>>
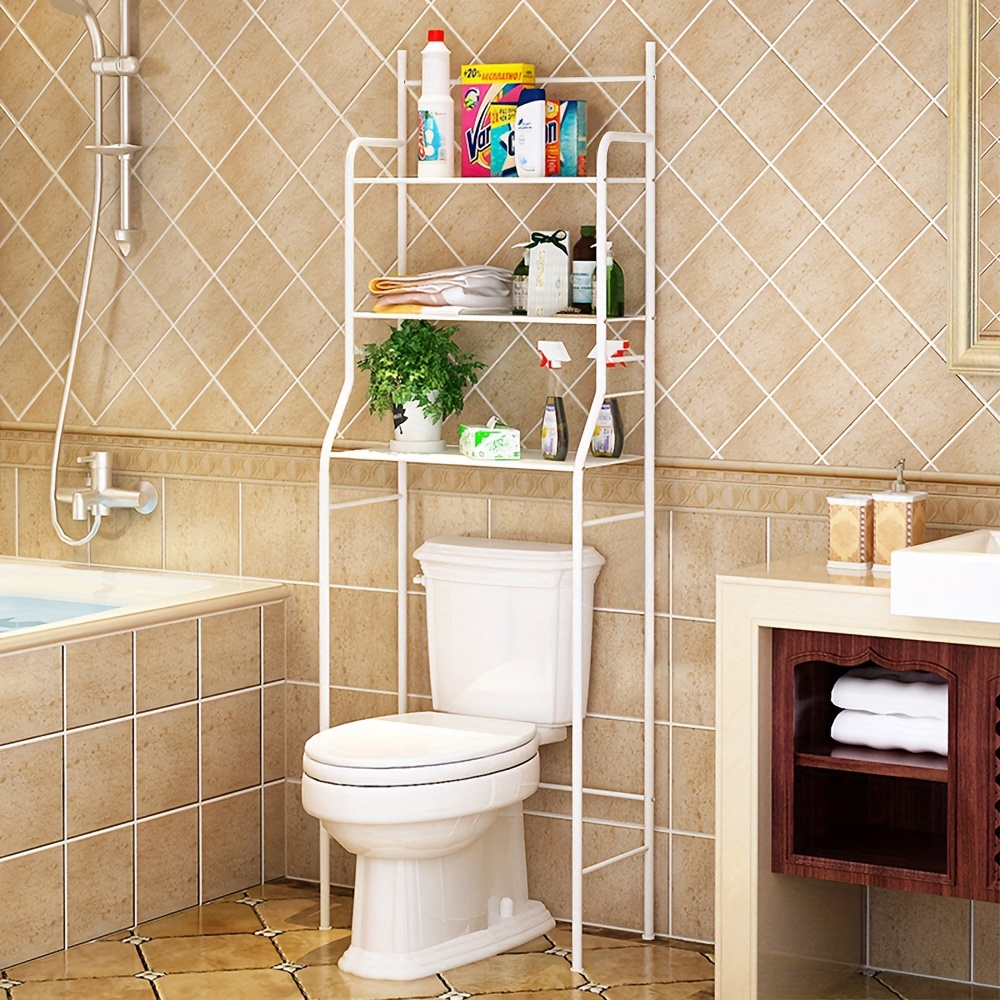 TEMU Mobiletto WC, Mensola portaoggetti in metallo sopra WC/lavatrice, Ferro verniciato , Mobile da bagno salvaspazio, 55 X 26 X 165 CM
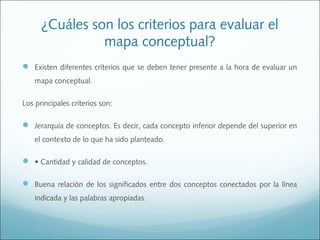 ¿Cuáles son los criterios para evaluar el
mapa conceptual?
 Existen diferentes criterios que se deben tener presente a la hora de evaluar un
mapa conceptual.
Los principales criterios son:

 Jerarquía de conceptos. Es decir, cada concepto inferior depende del superior en
el contexto de lo que ha sido planteado.

 • Cantidad y calidad de conceptos.
 Buena relación de los significados entre dos conceptos conectados por la línea
indicada y las palabras apropiadas .

 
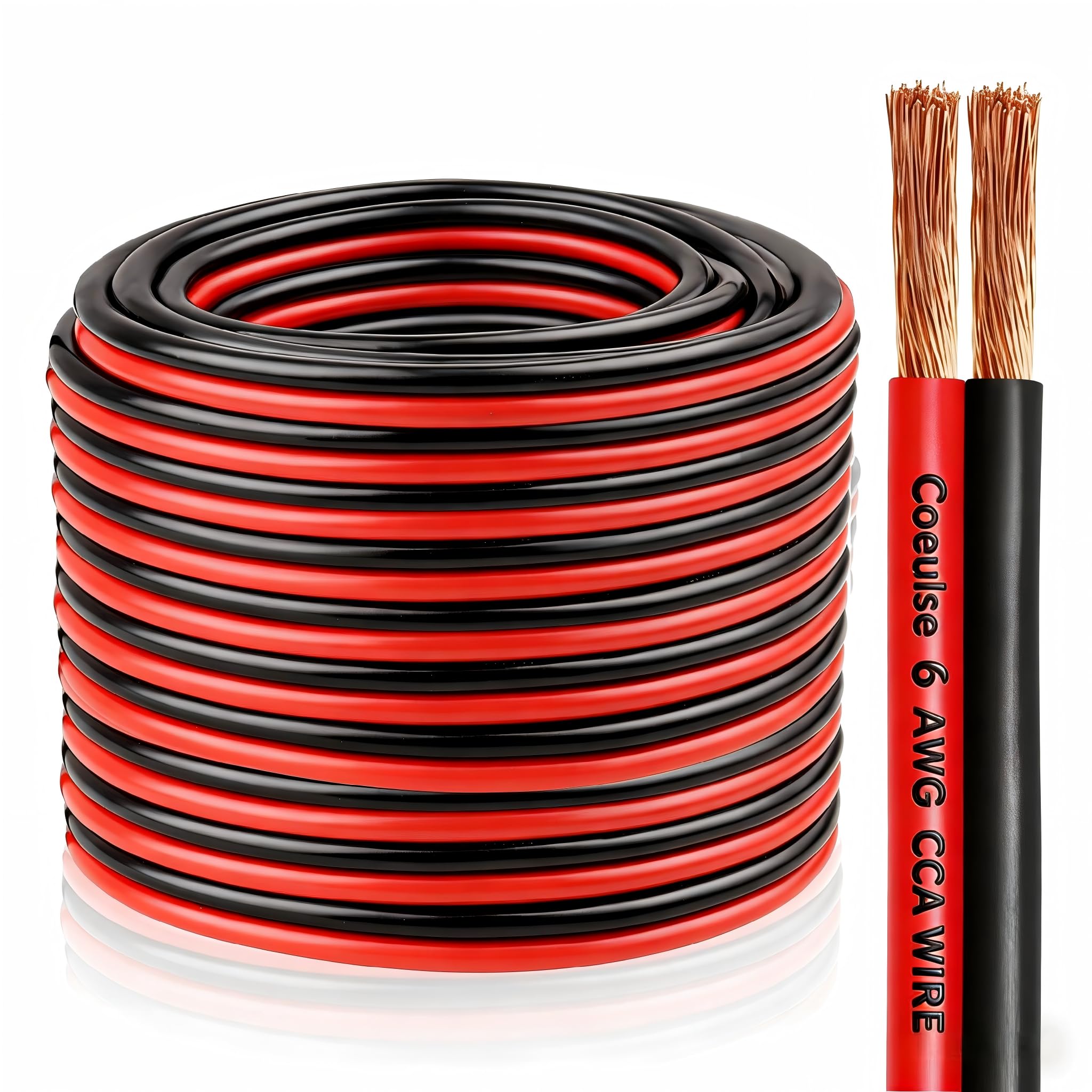 6 Gauge Wire 2 Conductors Copper Clad Aluminum CCA 10FT, 6/2 AWG Car Amplifier Power and Ground Cable for Automotive, Audio, Trailer, Battery, RV and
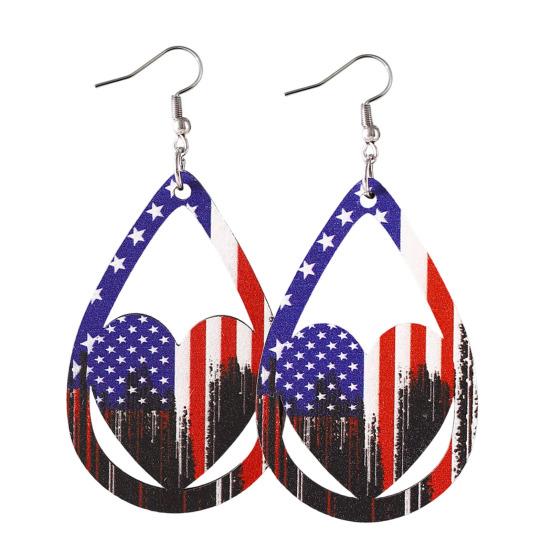 1 Pair Hollow Drop Fourth of July Earrings for Women Independence Day Earrings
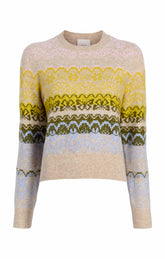 Lace Fair Isle Pullover Oatmeal Multi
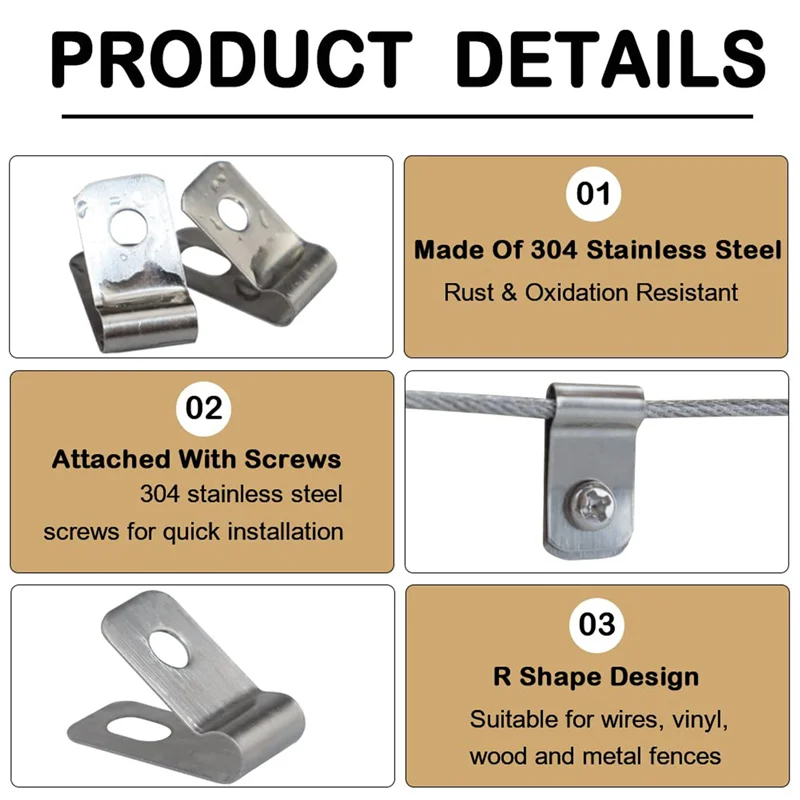 

ABNO-Wire Fence Clips, 400 Pieces Fence Wire Clamps Aluminum For 12-16 Gauge Welded Wire To Wood, Metal Or Vinyl Fence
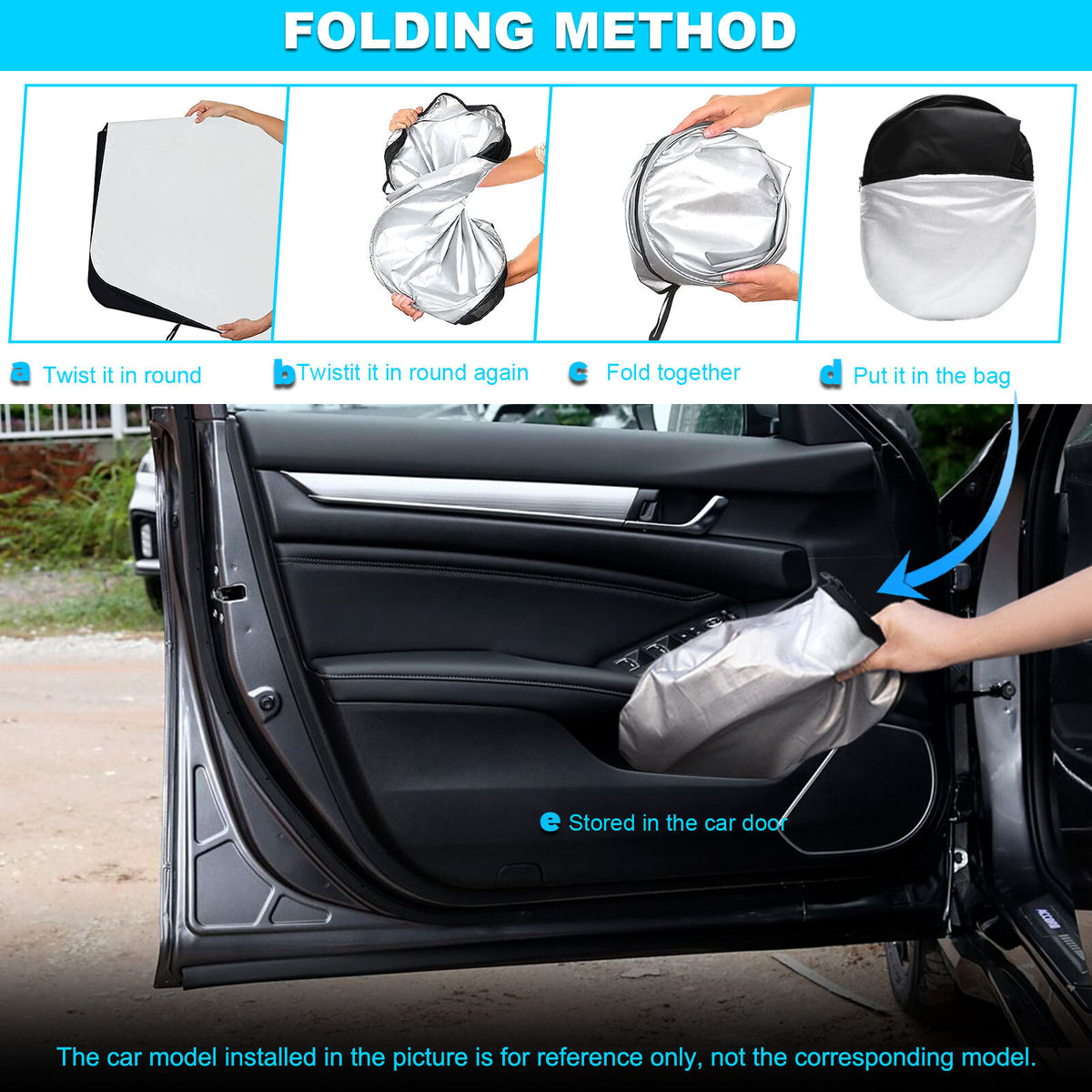 For 2018 2019 2022 Onda Accord Car Windshield Sun Shade Visor Foldable Cover - Image 4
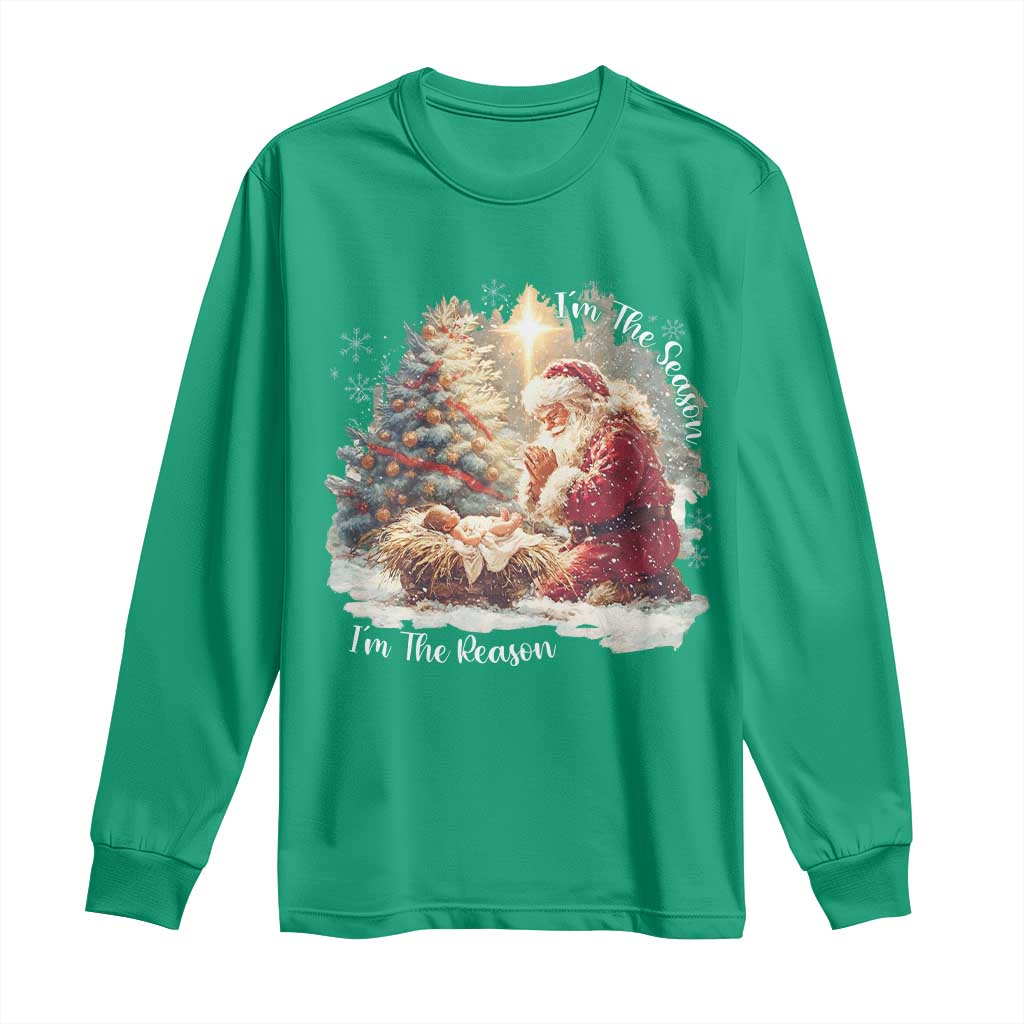 Christian Christmas Long Sleeve Shirt Jesus I Am The Reason Santa I Am The Season - Wonder Print Shop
<<
Aim of the exercise: Within the material above, transcribe exactly the lines that run from the line holding "mapa conceptual." through the line holding "indicada y las palabras apropiadas .".

Solution:
mapa conceptual.
Los principales criterios son:

 Jerarquía de conceptos. Es decir, cada concepto inferior depende del superior en
el contexto de lo que ha sido planteado.

 • Cantidad y calidad de conceptos.
 Buena relación de los significados entre dos conceptos conectados por la línea
indicada y las palabras apropiadas .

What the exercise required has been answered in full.